▶ [WHAT YOU HAVE TO DO]
Restate each line below word for word, skipping every picture.

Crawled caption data
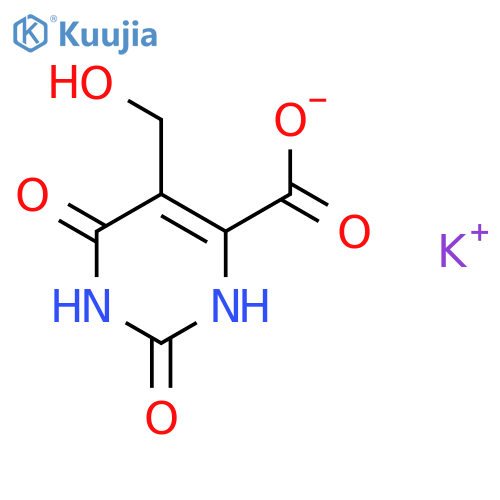 5-hydroxymethylorotic acid potassium salt structure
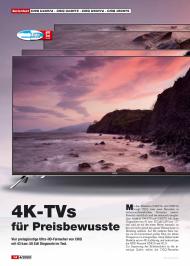 HiFi Test: 4K-TVs für Preisbewusste (Ausgabe: 4)
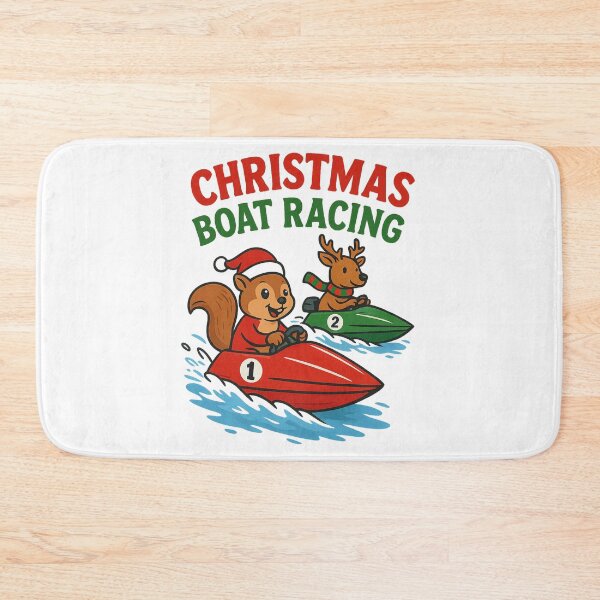Item preview, Merry Christmas Boat Racing Holiday  designed and sold by ChristinasMess.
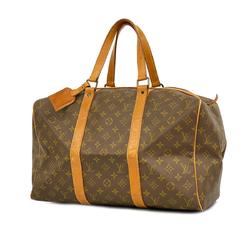 Louis Vuitton Boston Bag Monogram Sax Pool 45 M41624 Brown Men's Women's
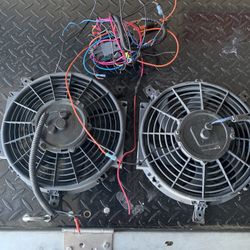 2-10 inch fans with wiring and relays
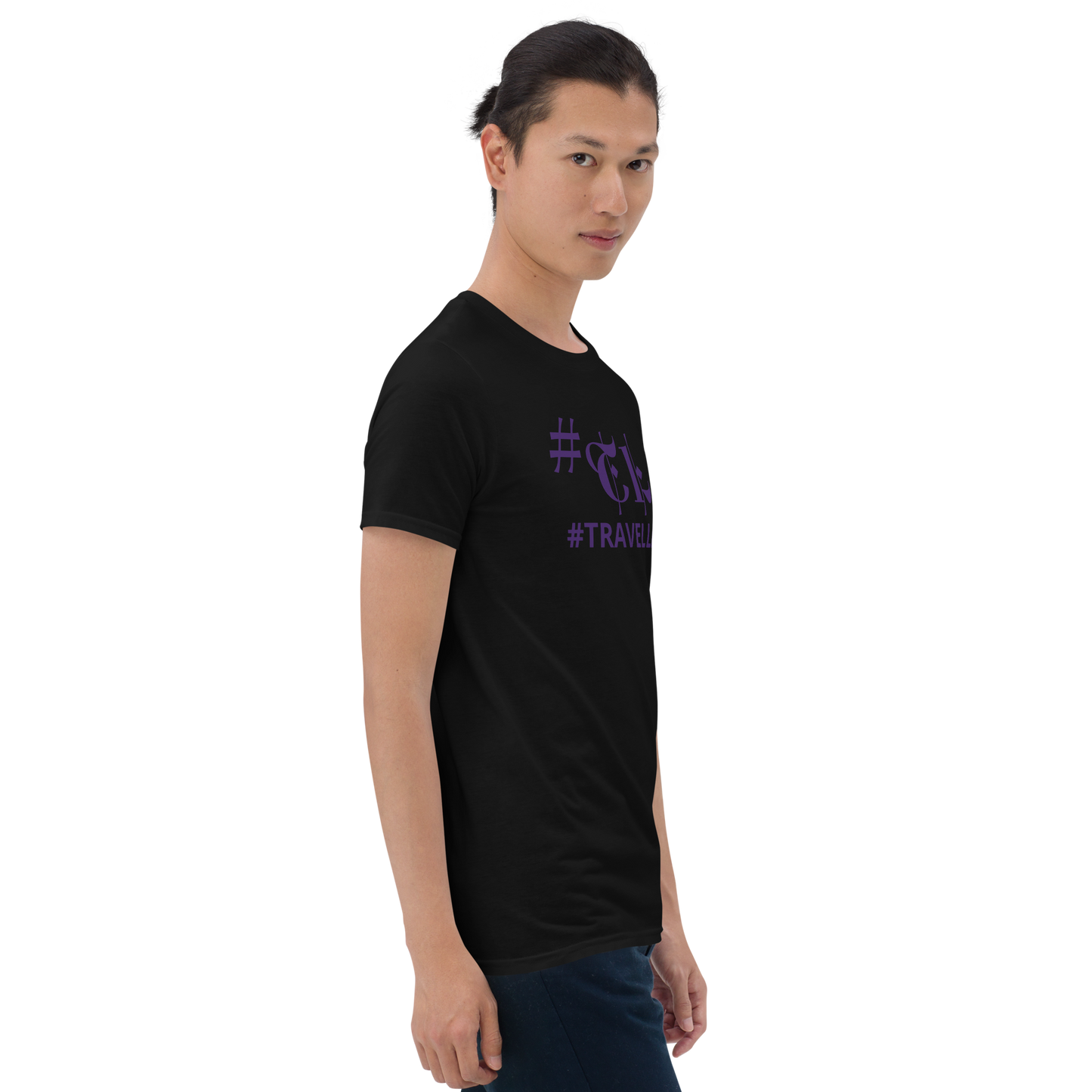 #Travellife Purple #TL Logo Unisex T-Shirt - Matching Fleece Shorts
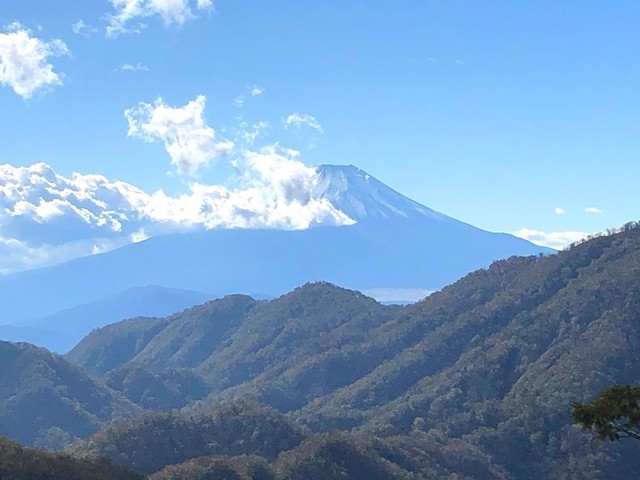 蛭ヶ岳南陵からの富士山景色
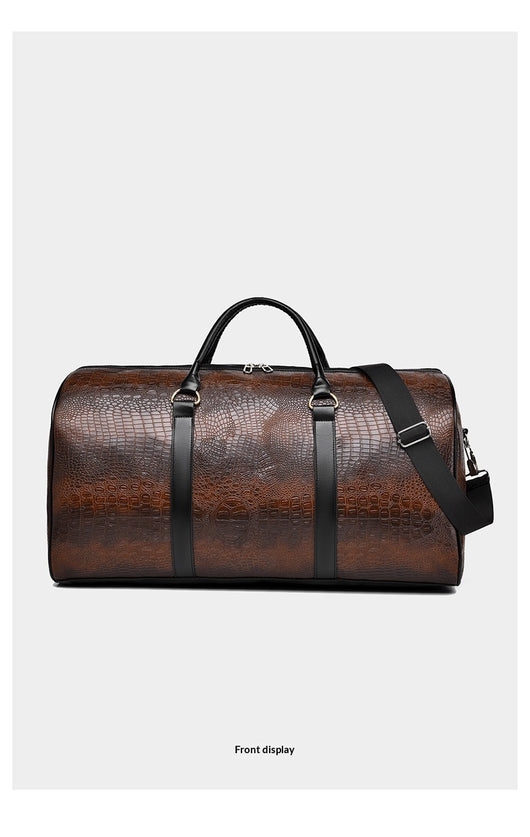 Bolsa de Viaje Deportiva para Hombre con Patrón Cocodrilo Personalizable - Image 15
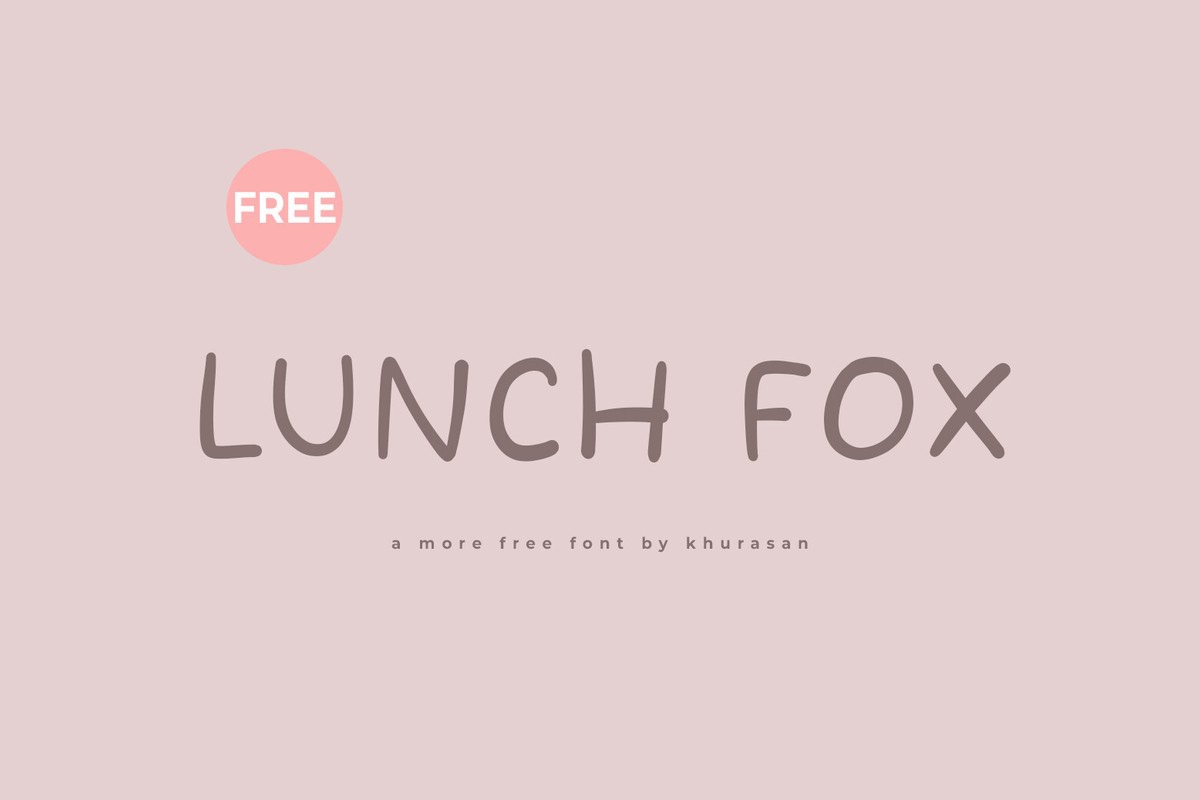 フォント Lunch Fox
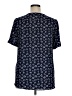 West Kei 100% Polyester Stars Blue Short Sleeve Blouse Size XL - photo 2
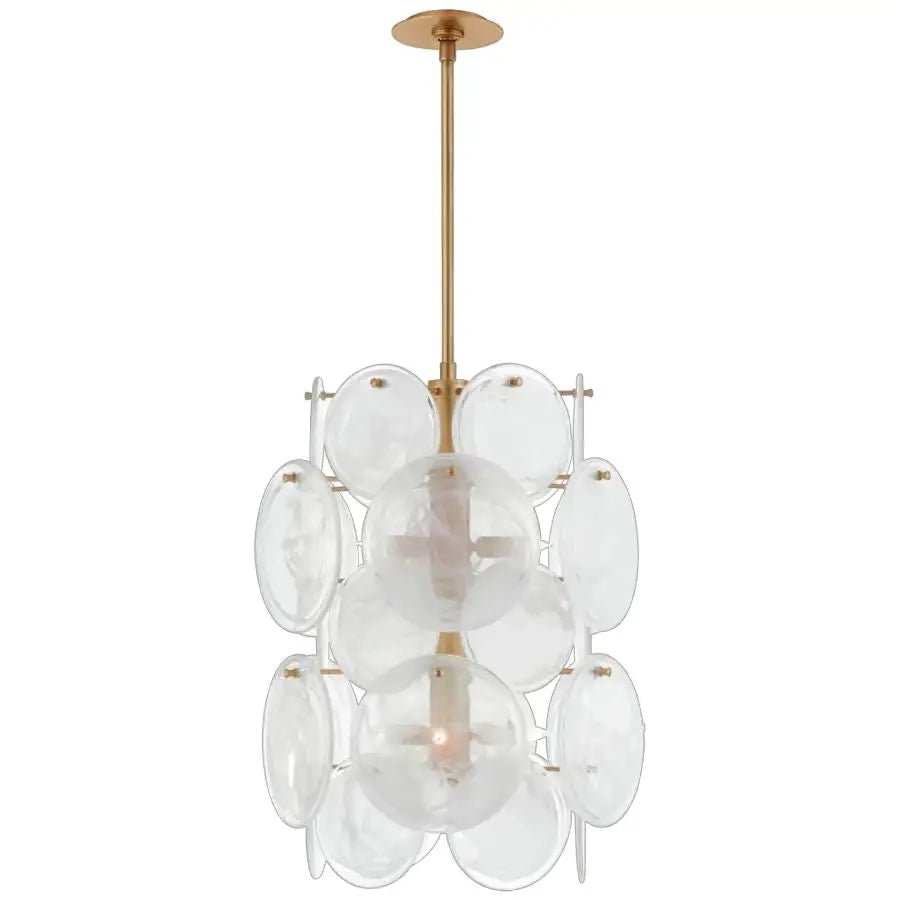 Trento Medium Barrel Chandelier 20"D - Blushlighting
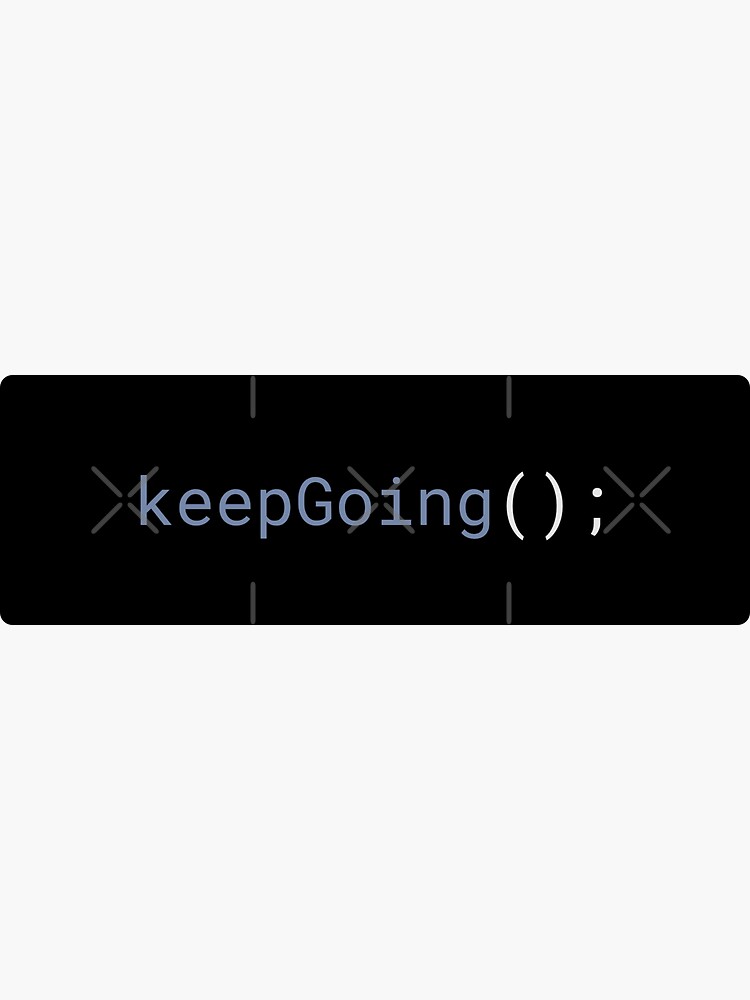 Thumbnail 3 of 3, Sticker, JavaScript - Keep Going designed and sold by developer-gifts.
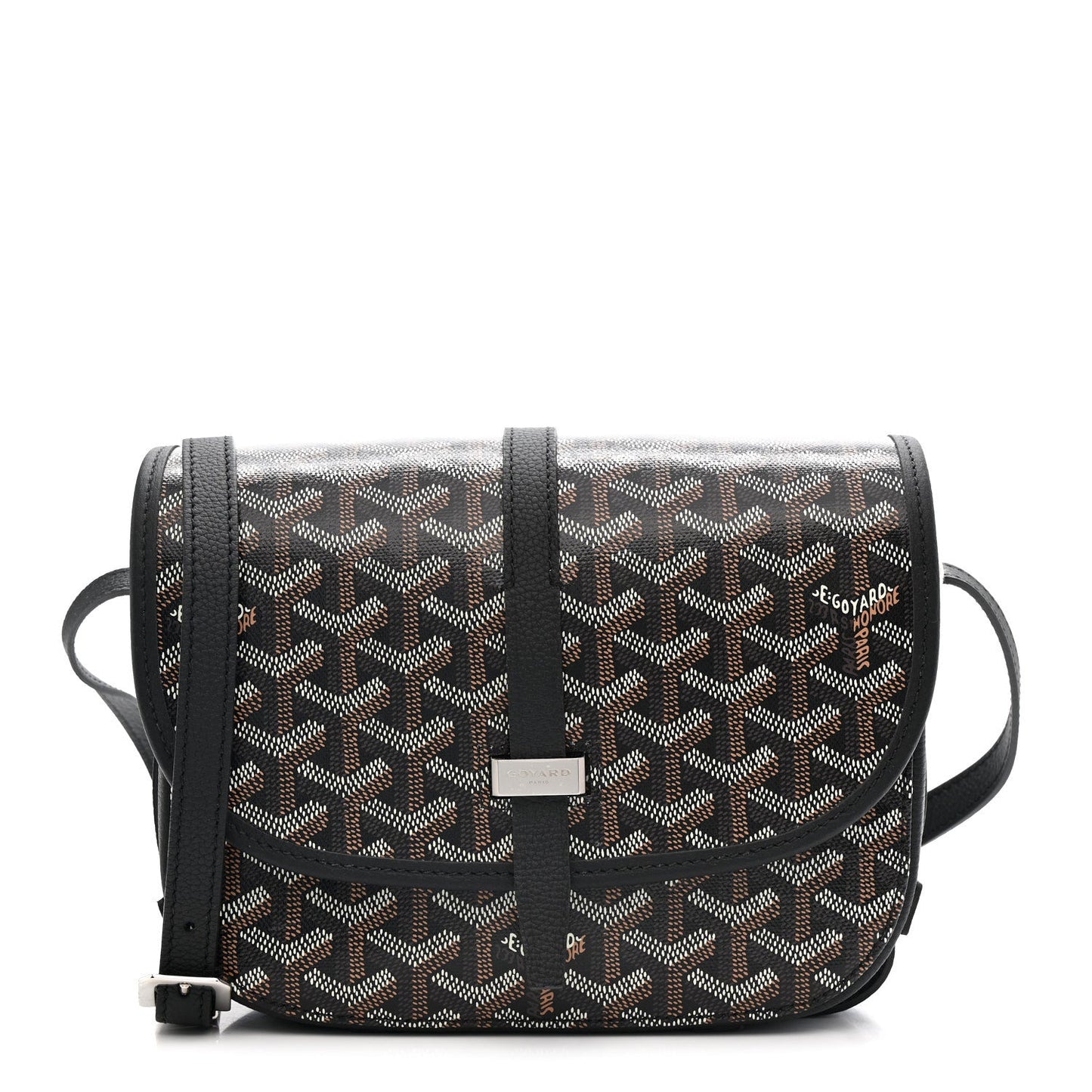 Goyardine Belvedere II PM Messenger Bag Black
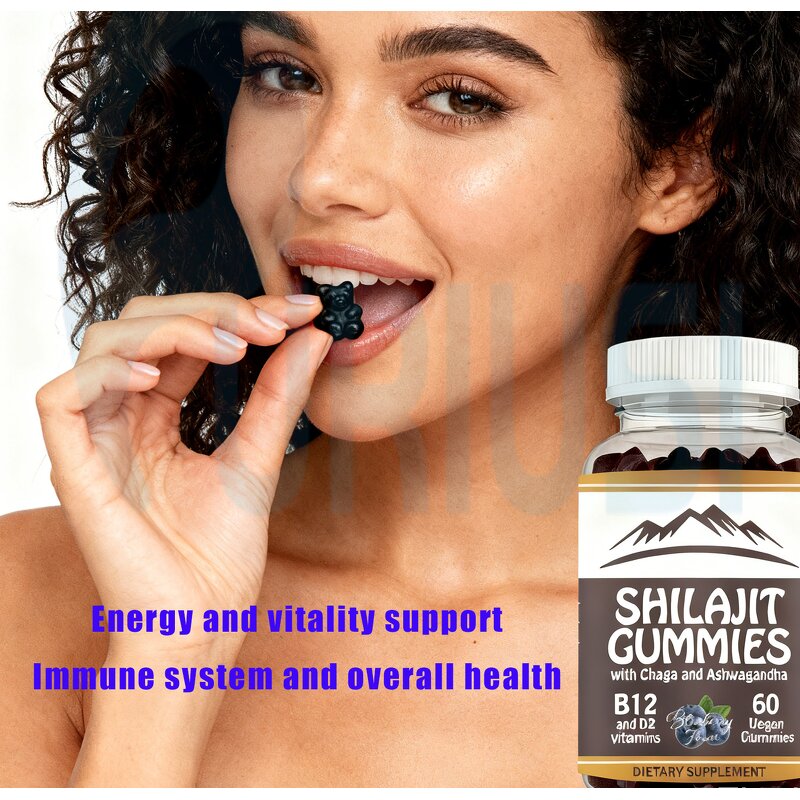 Shilajit Gummies - Manufacturer Wholesale Organic Black Extract Private Label Herbal
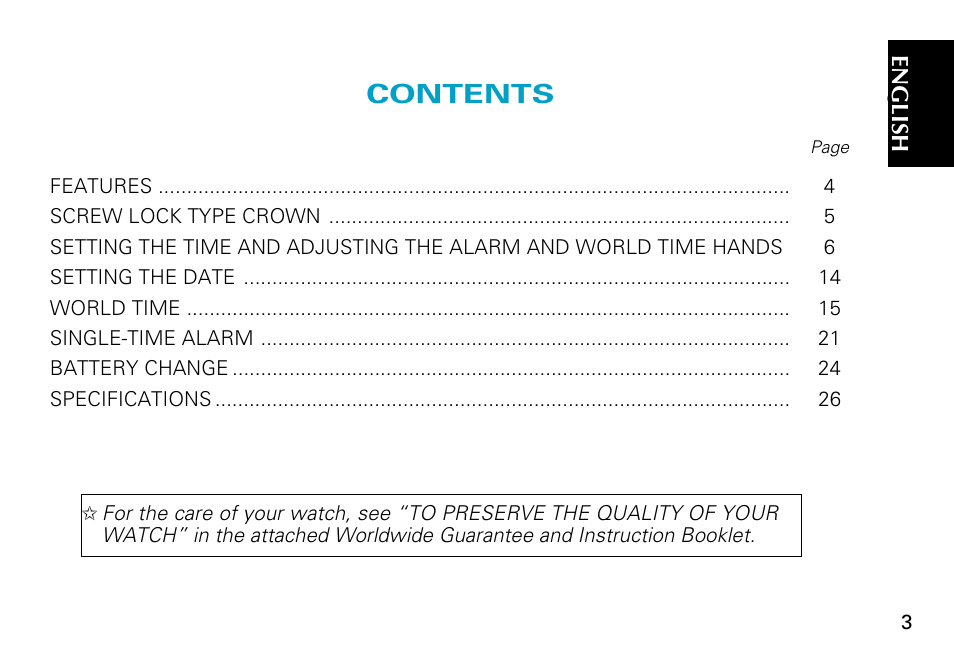 Seiko 5T82 User Manual | Page 3 / 26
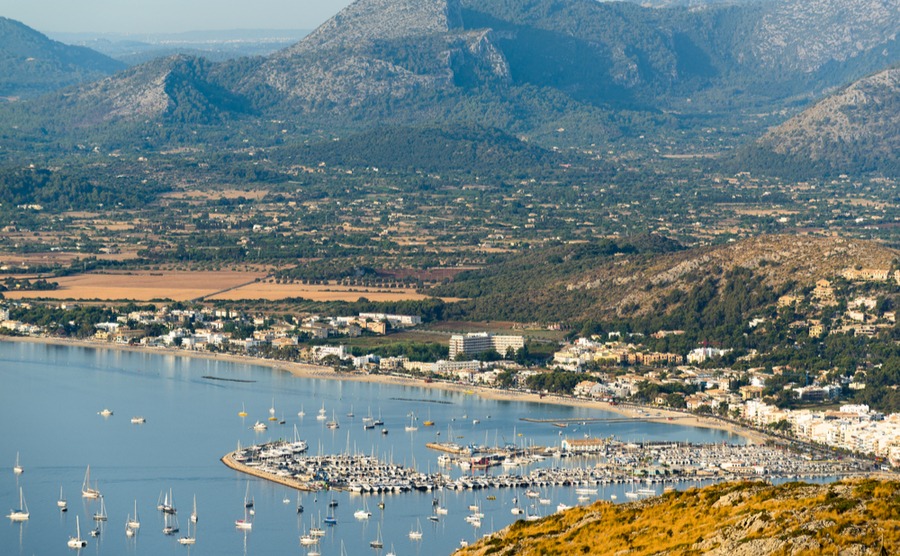 Port de Pollença's great beaches have attracted a strong British community.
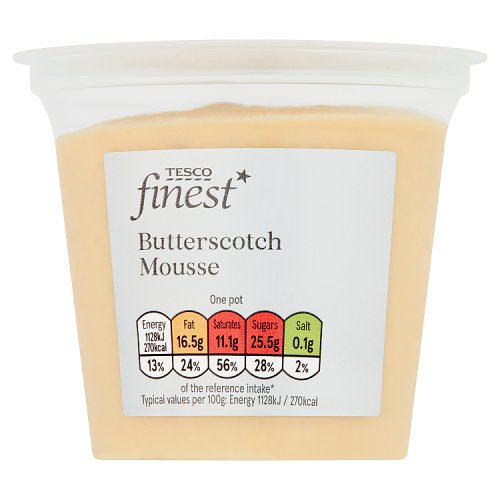 Tesco Finest Butterscotch Mousse 100g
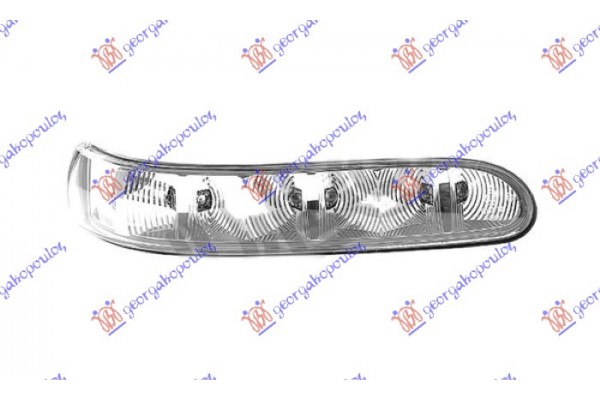 Φλας Πλαινο Καθρεφτη Led (ULO) Δεξια Mercedes S Class (W220) 98-05 - 052905493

▶ [RESPONSE TO THE TASK]
 5-hydroxymethylorotic acid potassium salt structure
 HiFi Test: 4K-TVs für Preisbewusste (Ausgabe: 4)
Item preview, Merry Christmas Boat Racing Holiday  designed and sold by ChristinasMess.
 Louis Vuitton Boston Bag Monogram Sax Pool 45 M41624 Brown Men's Women's
 2-10 inch fans with wiring and relays
 #Travellife Purple #TL Logo Unisex T-Shirt - Matching Fleece Shorts
 蛭ヶ岳南陵からの富士山景色
 Bolsa de Viaje Deportiva para Hombre con Patrón Cocodrilo Personalizable - Image 15
 フォント Lunch Fox
 West Kei 100% Polyester Stars Blue Short Sleeve Blouse Size XL - photo 2
 Trento Medium Barrel Chandelier 20"D - Blushlighting
 Thumbnail 3 of 3, Sticker, JavaScript - Keep Going designed and sold by developer-gifts.
 Goyardine Belvedere II PM Messenger Bag Black
 Shilajit Gummies - Manufacturer Wholesale Organic Black Extract Private Label Herbal
 Seiko 5T82 User Manual | Page 3 / 26
 Port de Pollença's great beaches have attracted a strong British community.
 Tesco Finest Butterscotch Mousse 100g
 Φλας Πλαινο Καθρεφτη Led (ULO) Δεξια Mercedes S Class (W220) 98-05 - 052905493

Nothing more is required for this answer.